A ball python and iguana were found in residential areas on Oahu earlier this week, the state Department of Agriculture reported.
On Monday, a 3-foot long snake identified as a ball python was captured in an Aiea neighborhood. A neighbor saw the snake on another property around 10 a.m. and called the Honolulu Police Department. Officers covered the snake with a trash can and called DOA agricultural inspectors, who then took it to the department’s Plant Quarantine Branch.
The ball python is not poisonous. It’s native to Western and West-Central Africa and primarily subdues prey by constricting and suffocating them.
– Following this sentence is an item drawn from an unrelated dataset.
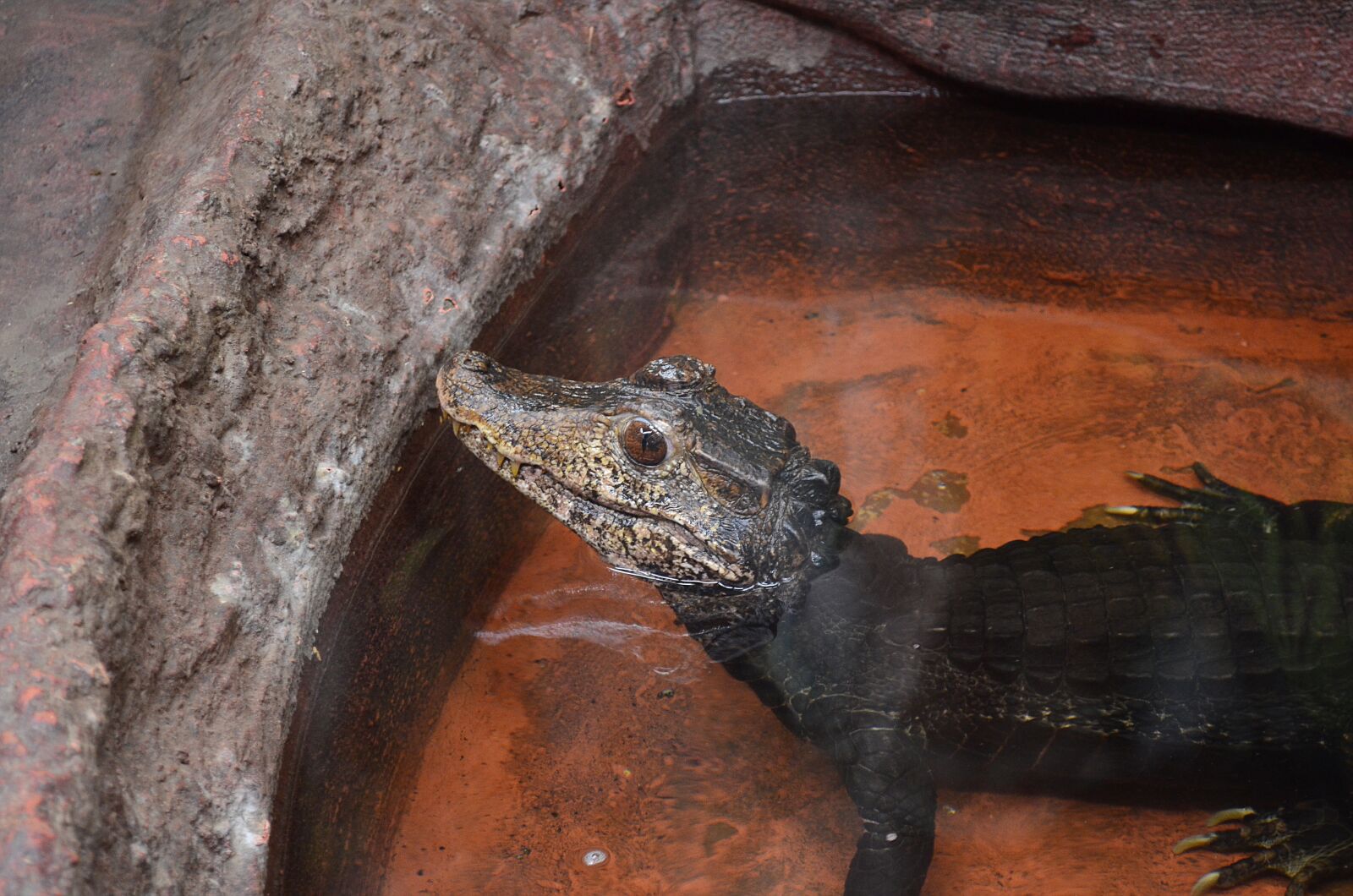 Nikon D5100 sample photo. Reptile, amphibians, animal photography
They can grow up to 5 feel long.
The DOA said that they are common in the pet trade on the mainland, but pose a threat to Hawaii’s environment, as they can prey on native bird species and their eggs. Larger snakes can also be dangerous to the public and small pets.
On Tuesday, a woman who lives on Kumuhau Street in Waimanalo spotted an iguana in her backyard. Agricultural inspectors were again called and transferred the animal to the quarantine branch.
The iguana was measured to be about 3-and-a-half feet long. They are established in some areas of Oahu, the DOA said, but it is illegal to import, possess or transport them in Hawaii.
They can also grow to be about 6 feet long, and, while typically vegetarian, are known to disturb bird nestlings and eat eggs. Their tails can be dangerous weapons in fending off enemies, the DOA said.
Iguanas are native to central Mexico through South America.
People illegally possessing animals can face fines up to $200,000 and three years in prison.